I'm wondering if anyone has some ideas on this... sorry for the long post

I have 2 NAT boxes. Each box is connected to the Internet differently. As such, 99% of requests go through box 1. But, box#2 is connected to a special network that must be used to contact the second network (vpn stuff).

I've added a route on NAT box 1 to use box 2 for requests to this special network. And, if I'm on box #1 and ping and IP for this special network, it correctly goes through box #2.

However, if I go to any workstation on the internal network that uses box#1 as default gw and attempt to ping a server on this special network, it correctly gets the ICMP redirect to the new gateway, but never actually uses it. I've tried this on NT and Linux workstations.

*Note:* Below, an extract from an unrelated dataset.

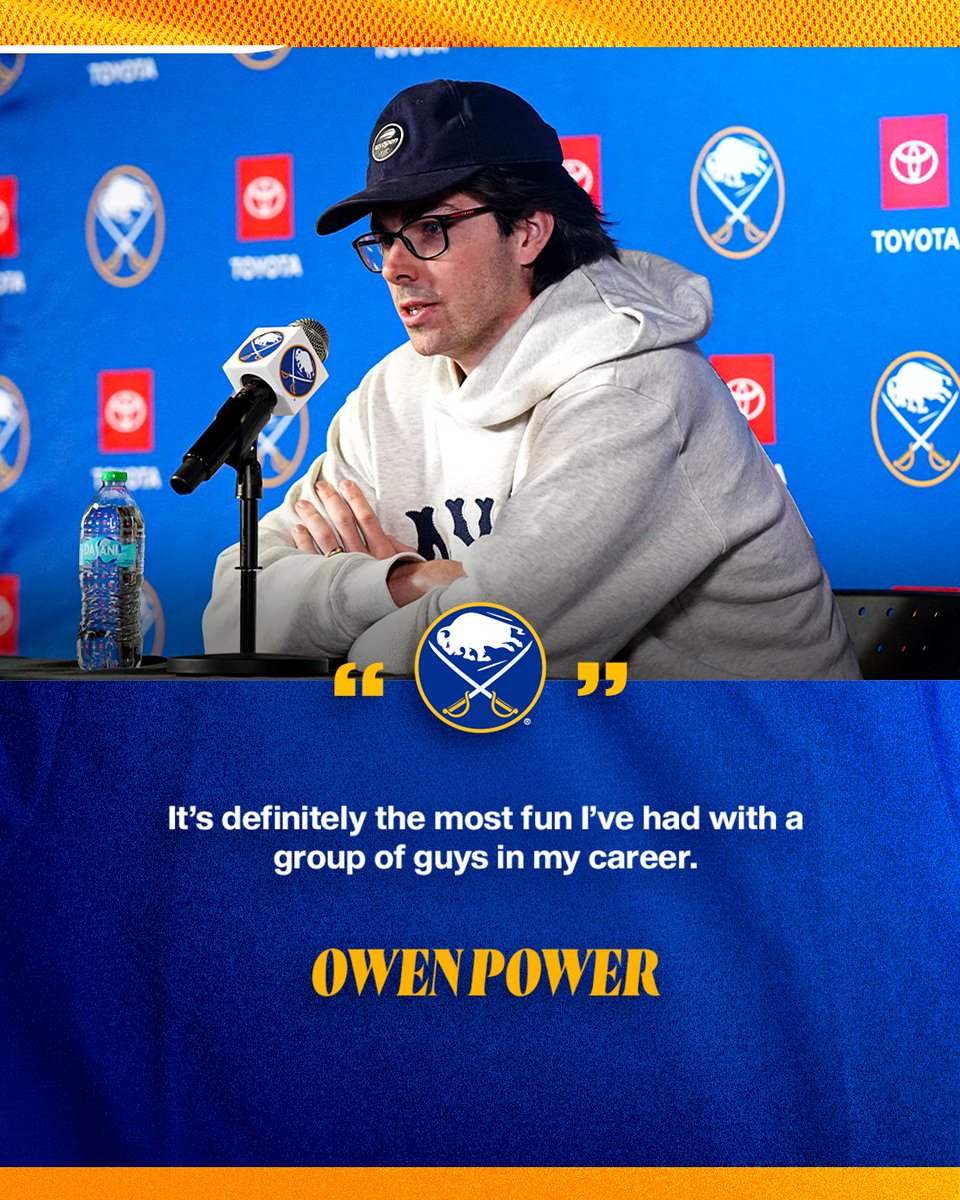 Buffalo Sabres tweet media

I've dropped all necessary firewalls for this test. I've also made sure that accept_redirect is enabled and secure_redirect and send_direct is off on my Linux workstation. I also made sure that send_redirect is enabled and secure_redirect/accept redirect is off on my #1 nat box.

With tcpdump I see something like this on the NAT server:
eth1 < 192.168.3.13 > 192.168.200.1: icmp: echo request
ech1 > 192.168.4.135 > 192.168.3.13: icmp: redirect 192.168.200.1 to host 192.168.0.2 [tos 0xc0]

On the Linux workstation I see almost the exact same thing. For the ping results I see something like this:
From gateway1 (192.168.4.135): Redirect Host (New nexthop: gateway2 (192.168.0.2))

And that's it... a quick check in route -n -C shows the route for the special network IP going to the wrong gateway. I've flushed the table manually, and the same wrong route appears after each test.

So, what else should I add. I've already added the extra route to the extra network on Nat#1. I doublechecked the send/accept_redirect flags in /proc. And, if I manually add the route for the Nat#2 on any of the workstations, I *can* successfully ping the special network. Also, I really don't want to go to each workstation and add a second gateway manually. I was kinda hoping this icmp redirect would do it for me. I realize it'll generate more traffic. It's not that big a deal right now...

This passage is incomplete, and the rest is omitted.